Model-based simulation for early neurosurgical learners benefits from a defined curriculum, within which each technical or procedural skill gains relevance. For example, in the approach used by the SNS boot camp courses, each PGY1 resident is exposed to a simulated manikin patient that experiences sudden deterioration in the emergency department resulting from an expanding traumatic intracranial hematoma. In the skills laboratory, the resident is tasked with practicing and then performing the various component skills of a standard hemispheric craniotomy for traumatic extra-axial hematoma evacuation, including bone drilling, craniotomy formation, dural tack-up placement and closure, and skin closure.
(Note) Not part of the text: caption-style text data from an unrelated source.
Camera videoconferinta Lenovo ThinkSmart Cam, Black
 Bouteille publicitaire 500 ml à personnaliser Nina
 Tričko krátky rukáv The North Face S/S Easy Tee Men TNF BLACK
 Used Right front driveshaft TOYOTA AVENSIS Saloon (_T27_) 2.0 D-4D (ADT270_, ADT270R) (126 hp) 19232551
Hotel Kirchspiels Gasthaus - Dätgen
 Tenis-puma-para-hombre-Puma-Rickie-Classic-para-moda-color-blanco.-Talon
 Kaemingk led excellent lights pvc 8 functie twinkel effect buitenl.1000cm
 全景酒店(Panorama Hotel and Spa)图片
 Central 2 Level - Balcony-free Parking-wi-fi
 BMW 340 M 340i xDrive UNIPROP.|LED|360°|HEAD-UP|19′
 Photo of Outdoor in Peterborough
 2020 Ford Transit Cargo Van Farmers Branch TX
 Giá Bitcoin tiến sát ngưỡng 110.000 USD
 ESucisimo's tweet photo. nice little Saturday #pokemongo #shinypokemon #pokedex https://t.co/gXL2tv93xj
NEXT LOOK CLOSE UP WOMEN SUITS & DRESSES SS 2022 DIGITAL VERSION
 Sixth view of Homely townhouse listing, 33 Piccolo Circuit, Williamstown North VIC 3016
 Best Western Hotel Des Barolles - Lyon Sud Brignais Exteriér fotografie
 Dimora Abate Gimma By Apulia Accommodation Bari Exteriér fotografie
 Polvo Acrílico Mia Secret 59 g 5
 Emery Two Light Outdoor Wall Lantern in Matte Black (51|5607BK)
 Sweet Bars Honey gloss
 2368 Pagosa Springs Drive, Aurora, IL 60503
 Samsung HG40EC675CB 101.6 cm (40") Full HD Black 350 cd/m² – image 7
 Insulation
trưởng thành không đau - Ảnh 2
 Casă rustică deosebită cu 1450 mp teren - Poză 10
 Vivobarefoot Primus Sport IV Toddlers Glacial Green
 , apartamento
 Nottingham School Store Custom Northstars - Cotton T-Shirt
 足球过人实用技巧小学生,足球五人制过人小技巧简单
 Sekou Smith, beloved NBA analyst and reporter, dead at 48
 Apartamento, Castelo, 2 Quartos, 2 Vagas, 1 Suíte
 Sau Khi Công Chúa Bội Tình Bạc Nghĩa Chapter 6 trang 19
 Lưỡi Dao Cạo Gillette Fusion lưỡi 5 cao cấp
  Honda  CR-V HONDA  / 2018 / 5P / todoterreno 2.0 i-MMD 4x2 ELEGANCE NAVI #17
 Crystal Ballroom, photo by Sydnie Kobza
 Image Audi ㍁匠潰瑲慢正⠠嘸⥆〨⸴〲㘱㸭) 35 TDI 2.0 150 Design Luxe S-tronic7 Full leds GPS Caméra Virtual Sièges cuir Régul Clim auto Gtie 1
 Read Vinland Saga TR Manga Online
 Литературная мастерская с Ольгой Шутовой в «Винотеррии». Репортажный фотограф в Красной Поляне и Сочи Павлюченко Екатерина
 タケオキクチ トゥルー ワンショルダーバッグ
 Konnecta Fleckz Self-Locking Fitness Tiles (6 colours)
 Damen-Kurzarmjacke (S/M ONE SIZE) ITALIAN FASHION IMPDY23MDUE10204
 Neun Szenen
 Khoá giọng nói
The boot camp courses effort has produced significant positive results in its first 3 years of national attendance.20,21 Despite these successes, further work is necessary to ensure a fully robust educational process. Although challenging and time intensive, the creation of validated assessments for each fundamental skill must be undertaken. This complexity and effort are justified by the scale of the enterprise and its reach across the breadth of US residency training.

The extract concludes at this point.